First and most importantly, eight out of the 12 selections feature countertenor Alex Potter in settings that also give prime exposure to a pair of trombones and a bassoon. Yet the balance favors the instrumentalists over Potter. For example, there is a section of Ziani’s Alma Redemptoris Mater where the bassoon has a prominent role weaving figurations around the countertenor. Carlos Cristóbal is an excellent bassoonist, but the crisp aural focus that helps display his attractive tone is completely missing from Potter’s microphone placement, whose tone in turn sounds colorless and his voice slightly distant.

And even when he isn’t being challenged by those instrumentalists, Potter’s voice here seems less rich in overtones than on other albums of his. I’ve never found him more than moderately attentive to enunciating consonants, and his lower notes are dull, but his voice has repeatedly struck me in the past as firm, clear, rich at the top, and capable of great agility with seeming ease. Only the agility is evident on this release, when compared with the likes of his album of Zelenka motets (Pan Classics PC10274) and performance as Othniel in Handel’s Joshua (MDG 332 1532). And even his agility in Conti’s Fugga d’una in altra serva shows distressing signs of wear in numerous slurs.

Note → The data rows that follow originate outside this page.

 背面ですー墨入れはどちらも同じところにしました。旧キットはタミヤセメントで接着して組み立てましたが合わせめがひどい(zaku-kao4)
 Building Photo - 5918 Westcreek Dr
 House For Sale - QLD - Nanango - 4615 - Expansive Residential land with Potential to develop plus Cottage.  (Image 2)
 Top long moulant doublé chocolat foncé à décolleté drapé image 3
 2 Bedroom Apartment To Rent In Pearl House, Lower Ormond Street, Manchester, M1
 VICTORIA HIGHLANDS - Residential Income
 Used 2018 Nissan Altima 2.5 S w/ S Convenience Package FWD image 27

It further doesn’t help that, while the rest of the performers are all fine musicians from a technical perspective, almost everything they play here (and this extends to the secular chamber works) is treated with the same air of deliberateness, sobriety, and great restraint. I would except from that a couple of movements from Fux’s Sonata à 3, but the energy isn’t matched by any lightness in phrasing, regardless. Take a pass on this.